Starting at the line containing "Gebraucht Ford Focus" and ending at the line containing "คะน้าหมูกรอบ", print every line of the material below exactly, both ends included, and stop there.
+++
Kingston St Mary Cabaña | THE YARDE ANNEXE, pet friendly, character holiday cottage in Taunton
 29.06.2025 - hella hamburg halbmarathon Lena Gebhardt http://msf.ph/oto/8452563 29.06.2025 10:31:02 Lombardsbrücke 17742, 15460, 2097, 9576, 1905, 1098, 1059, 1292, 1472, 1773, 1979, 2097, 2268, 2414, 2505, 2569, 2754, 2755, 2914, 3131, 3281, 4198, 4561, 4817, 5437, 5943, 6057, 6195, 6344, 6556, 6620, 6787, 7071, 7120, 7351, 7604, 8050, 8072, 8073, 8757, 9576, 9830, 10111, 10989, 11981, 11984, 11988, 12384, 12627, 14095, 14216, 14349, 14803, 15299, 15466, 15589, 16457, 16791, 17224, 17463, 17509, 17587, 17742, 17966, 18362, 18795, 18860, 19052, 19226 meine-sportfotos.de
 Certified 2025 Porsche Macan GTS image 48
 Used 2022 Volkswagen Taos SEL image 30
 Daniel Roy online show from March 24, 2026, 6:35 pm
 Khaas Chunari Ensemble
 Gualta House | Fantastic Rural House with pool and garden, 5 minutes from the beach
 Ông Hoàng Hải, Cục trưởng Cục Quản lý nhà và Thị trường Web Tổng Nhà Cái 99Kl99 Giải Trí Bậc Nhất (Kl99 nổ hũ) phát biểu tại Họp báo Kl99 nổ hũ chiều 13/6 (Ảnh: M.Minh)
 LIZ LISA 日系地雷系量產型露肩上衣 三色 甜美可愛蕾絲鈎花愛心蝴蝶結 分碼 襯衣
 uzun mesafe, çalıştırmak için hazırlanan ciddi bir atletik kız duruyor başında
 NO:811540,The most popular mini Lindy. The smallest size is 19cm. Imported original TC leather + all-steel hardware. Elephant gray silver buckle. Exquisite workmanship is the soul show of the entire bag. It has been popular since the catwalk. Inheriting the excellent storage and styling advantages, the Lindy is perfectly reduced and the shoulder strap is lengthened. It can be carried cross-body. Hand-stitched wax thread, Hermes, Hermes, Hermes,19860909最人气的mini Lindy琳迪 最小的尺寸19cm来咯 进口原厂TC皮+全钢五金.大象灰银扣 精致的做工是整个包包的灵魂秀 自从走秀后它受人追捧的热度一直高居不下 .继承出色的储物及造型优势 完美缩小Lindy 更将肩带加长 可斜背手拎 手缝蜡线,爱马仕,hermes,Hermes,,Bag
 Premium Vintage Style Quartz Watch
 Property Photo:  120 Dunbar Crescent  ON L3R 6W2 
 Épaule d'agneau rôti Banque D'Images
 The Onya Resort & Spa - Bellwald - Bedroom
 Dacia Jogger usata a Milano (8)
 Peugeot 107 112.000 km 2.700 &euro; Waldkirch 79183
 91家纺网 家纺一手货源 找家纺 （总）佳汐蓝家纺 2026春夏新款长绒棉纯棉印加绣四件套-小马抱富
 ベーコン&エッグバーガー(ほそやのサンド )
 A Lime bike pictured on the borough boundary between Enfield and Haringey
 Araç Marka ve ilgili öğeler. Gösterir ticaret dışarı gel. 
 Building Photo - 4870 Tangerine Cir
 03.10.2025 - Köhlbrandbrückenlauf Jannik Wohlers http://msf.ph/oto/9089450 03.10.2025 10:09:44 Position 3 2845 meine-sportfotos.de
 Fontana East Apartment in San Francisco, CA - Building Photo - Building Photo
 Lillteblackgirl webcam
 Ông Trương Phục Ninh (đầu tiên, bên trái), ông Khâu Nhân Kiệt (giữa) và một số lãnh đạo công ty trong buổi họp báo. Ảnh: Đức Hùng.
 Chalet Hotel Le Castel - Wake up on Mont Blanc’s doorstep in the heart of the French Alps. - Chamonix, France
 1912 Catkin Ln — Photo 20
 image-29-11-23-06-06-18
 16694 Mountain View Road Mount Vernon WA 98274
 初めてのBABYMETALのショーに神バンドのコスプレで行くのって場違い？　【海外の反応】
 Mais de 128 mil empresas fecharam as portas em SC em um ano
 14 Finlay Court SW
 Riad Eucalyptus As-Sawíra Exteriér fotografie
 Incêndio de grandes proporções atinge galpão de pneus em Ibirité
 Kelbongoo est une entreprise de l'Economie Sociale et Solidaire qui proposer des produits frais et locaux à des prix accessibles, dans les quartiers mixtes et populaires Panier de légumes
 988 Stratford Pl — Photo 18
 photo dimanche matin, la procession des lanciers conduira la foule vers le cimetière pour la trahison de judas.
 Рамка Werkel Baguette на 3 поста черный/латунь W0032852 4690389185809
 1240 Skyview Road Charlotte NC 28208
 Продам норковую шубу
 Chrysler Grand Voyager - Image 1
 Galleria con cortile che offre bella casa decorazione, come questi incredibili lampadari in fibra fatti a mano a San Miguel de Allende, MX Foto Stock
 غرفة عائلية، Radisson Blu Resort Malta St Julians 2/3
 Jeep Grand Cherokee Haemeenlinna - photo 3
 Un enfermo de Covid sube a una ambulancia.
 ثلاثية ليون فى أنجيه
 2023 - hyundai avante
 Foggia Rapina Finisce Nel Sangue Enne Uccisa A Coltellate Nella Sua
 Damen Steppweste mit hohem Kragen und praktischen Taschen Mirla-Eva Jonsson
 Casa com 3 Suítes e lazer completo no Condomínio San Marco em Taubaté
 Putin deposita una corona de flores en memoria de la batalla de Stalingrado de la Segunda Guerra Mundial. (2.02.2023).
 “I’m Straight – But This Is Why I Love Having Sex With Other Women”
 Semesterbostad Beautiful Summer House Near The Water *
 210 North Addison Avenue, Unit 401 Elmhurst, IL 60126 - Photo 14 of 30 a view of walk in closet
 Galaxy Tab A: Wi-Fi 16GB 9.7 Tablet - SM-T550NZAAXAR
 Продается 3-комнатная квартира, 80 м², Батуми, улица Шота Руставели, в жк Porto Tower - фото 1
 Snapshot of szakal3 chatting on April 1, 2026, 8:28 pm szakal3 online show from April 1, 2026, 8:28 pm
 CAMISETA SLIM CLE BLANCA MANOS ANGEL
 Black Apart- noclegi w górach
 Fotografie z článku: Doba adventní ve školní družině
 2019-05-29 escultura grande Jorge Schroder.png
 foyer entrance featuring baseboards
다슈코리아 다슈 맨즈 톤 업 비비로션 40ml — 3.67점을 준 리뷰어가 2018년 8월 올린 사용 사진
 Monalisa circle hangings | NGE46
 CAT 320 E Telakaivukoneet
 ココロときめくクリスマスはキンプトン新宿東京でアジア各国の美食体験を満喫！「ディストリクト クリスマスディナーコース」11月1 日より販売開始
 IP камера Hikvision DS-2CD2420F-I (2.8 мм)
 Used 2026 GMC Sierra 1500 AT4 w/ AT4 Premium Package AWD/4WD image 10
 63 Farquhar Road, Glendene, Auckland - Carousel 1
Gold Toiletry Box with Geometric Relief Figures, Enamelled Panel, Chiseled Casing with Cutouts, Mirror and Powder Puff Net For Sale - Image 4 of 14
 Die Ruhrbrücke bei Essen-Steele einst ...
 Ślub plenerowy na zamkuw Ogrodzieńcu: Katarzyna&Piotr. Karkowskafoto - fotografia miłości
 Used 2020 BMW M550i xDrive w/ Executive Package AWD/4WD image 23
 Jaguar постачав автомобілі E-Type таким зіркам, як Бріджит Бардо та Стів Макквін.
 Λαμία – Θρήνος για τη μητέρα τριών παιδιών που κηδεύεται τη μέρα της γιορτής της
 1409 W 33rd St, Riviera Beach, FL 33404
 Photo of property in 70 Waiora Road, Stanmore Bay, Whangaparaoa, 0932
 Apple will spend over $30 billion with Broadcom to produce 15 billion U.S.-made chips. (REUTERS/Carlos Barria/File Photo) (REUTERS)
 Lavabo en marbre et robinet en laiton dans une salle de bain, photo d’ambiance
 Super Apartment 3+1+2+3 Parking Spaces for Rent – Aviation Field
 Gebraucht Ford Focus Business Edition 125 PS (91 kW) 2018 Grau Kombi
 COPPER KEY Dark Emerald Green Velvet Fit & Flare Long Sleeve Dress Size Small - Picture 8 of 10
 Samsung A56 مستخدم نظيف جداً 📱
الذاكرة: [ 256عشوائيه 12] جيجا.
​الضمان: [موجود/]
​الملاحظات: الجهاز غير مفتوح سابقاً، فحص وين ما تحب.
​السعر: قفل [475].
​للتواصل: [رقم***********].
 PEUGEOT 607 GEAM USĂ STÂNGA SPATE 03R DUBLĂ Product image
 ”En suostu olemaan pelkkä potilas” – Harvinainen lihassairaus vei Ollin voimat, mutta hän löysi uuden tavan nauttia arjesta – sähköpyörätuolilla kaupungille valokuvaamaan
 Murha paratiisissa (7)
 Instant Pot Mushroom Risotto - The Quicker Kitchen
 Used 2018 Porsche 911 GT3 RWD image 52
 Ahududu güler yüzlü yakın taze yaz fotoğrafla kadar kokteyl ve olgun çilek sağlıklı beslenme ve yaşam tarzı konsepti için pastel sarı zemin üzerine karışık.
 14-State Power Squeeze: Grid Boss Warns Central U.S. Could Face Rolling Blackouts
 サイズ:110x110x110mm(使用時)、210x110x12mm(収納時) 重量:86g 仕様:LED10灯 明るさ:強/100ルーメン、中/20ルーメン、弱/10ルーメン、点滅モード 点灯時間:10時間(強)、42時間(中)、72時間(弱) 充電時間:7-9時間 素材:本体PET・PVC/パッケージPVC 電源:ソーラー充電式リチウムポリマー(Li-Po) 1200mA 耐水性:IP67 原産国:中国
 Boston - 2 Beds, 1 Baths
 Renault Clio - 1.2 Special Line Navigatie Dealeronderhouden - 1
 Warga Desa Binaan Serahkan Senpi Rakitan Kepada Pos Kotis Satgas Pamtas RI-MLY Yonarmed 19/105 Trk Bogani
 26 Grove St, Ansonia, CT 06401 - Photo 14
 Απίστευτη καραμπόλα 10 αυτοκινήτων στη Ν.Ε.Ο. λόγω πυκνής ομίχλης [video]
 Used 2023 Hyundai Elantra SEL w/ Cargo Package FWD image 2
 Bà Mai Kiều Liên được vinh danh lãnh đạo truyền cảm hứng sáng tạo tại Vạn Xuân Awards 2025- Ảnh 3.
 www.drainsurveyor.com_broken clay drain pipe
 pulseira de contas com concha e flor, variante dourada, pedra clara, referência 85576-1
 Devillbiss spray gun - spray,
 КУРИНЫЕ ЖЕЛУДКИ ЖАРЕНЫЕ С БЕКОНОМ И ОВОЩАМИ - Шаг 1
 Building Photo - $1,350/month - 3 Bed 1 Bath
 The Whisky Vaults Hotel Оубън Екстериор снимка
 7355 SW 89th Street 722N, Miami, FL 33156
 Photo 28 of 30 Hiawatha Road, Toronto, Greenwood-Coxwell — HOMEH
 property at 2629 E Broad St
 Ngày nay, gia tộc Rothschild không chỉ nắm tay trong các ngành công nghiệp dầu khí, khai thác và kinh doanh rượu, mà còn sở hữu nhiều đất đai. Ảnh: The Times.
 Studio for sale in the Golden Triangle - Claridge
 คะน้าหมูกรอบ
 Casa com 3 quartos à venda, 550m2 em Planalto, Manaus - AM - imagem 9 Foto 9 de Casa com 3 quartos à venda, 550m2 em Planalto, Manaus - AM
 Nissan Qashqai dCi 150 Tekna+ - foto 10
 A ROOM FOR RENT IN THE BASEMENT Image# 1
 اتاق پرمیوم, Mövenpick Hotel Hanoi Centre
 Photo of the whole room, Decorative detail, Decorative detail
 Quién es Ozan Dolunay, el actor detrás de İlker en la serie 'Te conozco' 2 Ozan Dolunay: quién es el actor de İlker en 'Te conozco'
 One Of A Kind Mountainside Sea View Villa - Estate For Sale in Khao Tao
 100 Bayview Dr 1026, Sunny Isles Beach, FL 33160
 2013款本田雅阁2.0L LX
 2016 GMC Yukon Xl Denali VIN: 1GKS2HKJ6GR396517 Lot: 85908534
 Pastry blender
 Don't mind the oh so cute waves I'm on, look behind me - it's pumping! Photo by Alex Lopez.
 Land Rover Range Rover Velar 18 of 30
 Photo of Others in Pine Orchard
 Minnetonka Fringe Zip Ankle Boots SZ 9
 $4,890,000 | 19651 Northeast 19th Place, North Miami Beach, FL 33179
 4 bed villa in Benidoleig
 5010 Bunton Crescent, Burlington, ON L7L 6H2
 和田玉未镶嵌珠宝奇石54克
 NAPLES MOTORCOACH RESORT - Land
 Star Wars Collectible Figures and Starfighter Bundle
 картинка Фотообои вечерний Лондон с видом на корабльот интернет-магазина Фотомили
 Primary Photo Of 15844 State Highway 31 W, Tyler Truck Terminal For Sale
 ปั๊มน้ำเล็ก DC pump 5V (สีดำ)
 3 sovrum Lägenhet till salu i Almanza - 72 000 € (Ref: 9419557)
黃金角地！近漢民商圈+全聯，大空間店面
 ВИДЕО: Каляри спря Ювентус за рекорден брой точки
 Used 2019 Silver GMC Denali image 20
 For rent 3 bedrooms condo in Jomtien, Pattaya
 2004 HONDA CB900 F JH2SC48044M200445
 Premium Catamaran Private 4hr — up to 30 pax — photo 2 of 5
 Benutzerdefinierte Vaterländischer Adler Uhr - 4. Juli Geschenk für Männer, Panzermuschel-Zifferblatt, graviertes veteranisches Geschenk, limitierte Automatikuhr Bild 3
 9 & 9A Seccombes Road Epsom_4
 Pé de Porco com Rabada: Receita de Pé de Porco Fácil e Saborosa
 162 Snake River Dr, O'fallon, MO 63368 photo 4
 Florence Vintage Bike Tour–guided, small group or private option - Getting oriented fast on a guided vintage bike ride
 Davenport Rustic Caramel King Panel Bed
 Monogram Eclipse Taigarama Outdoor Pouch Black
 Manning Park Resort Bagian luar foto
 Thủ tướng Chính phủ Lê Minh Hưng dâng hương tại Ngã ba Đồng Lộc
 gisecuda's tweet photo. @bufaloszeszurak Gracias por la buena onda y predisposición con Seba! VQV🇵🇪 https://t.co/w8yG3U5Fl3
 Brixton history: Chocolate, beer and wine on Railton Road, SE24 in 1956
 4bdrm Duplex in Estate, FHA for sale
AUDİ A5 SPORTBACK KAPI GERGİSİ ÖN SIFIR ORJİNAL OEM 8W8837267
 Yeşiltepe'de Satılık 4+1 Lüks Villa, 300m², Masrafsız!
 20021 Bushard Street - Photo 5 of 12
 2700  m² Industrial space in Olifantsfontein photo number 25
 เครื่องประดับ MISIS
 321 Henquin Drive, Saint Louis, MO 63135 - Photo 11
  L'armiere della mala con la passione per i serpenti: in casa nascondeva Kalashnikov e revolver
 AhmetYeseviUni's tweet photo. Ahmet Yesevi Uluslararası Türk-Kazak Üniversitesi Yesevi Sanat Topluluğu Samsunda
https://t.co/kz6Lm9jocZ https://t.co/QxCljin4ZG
+++
# [Exercise solution]
 Gebraucht Ford Focus Business Edition 125 PS (91 kW) 2018 Grau Kombi
 COPPER KEY Dark Emerald Green Velvet Fit & Flare Long Sleeve Dress Size Small - Picture 8 of 10
 Samsung A56 مستخدم نظيف جداً 📱
الذاكرة: [ 256عشوائيه 12] جيجا.
​الضمان: [موجود/]
​الملاحظات: الجهاز غير مفتوح سابقاً، فحص وين ما تحب.
​السعر: قفل [475].
​للتواصل: [رقم***********].
 PEUGEOT 607 GEAM USĂ STÂNGA SPATE 03R DUBLĂ Product image
 ”En suostu olemaan pelkkä potilas” – Harvinainen lihassairaus vei Ollin voimat, mutta hän löysi uuden tavan nauttia arjesta – sähköpyörätuolilla kaupungille valokuvaamaan
 Murha paratiisissa (7)
 Instant Pot Mushroom Risotto - The Quicker Kitchen
 Used 2018 Porsche 911 GT3 RWD image 52
 Ahududu güler yüzlü yakın taze yaz fotoğrafla kadar kokteyl ve olgun çilek sağlıklı beslenme ve yaşam tarzı konsepti için pastel sarı zemin üzerine karışık.
 14-State Power Squeeze: Grid Boss Warns Central U.S. Could Face Rolling Blackouts
 サイズ:110x110x110mm(使用時)、210x110x12mm(収納時) 重量:86g 仕様:LED10灯 明るさ:強/100ルーメン、中/20ルーメン、弱/10ルーメン、点滅モード 点灯時間:10時間(強)、42時間(中)、72時間(弱) 充電時間:7-9時間 素材:本体PET・PVC/パッケージPVC 電源:ソーラー充電式リチウムポリマー(Li-Po) 1200mA 耐水性:IP67 原産国:中国
 Boston - 2 Beds, 1 Baths
 Renault Clio - 1.2 Special Line Navigatie Dealeronderhouden - 1
 Warga Desa Binaan Serahkan Senpi Rakitan Kepada Pos Kotis Satgas Pamtas RI-MLY Yonarmed 19/105 Trk Bogani
 26 Grove St, Ansonia, CT 06401 - Photo 14
 Απίστευτη καραμπόλα 10 αυτοκινήτων στη Ν.Ε.Ο. λόγω πυκνής ομίχλης [video]
 Used 2023 Hyundai Elantra SEL w/ Cargo Package FWD image 2
 Bà Mai Kiều Liên được vinh danh lãnh đạo truyền cảm hứng sáng tạo tại Vạn Xuân Awards 2025- Ảnh 3.
 www.drainsurveyor.com_broken clay drain pipe
 pulseira de contas com concha e flor, variante dourada, pedra clara, referência 85576-1
 Devillbiss spray gun - spray,
 КУРИНЫЕ ЖЕЛУДКИ ЖАРЕНЫЕ С БЕКОНОМ И ОВОЩАМИ - Шаг 1
 Building Photo - $1,350/month - 3 Bed 1 Bath
 The Whisky Vaults Hotel Оубън Екстериор снимка
 7355 SW 89th Street 722N, Miami, FL 33156
 Photo 28 of 30 Hiawatha Road, Toronto, Greenwood-Coxwell — HOMEH
 property at 2629 E Broad St
 Ngày nay, gia tộc Rothschild không chỉ nắm tay trong các ngành công nghiệp dầu khí, khai thác và kinh doanh rượu, mà còn sở hữu nhiều đất đai. Ảnh: The Times.
 Studio for sale in the Golden Triangle - Claridge
 คะน้าหมูกรอบ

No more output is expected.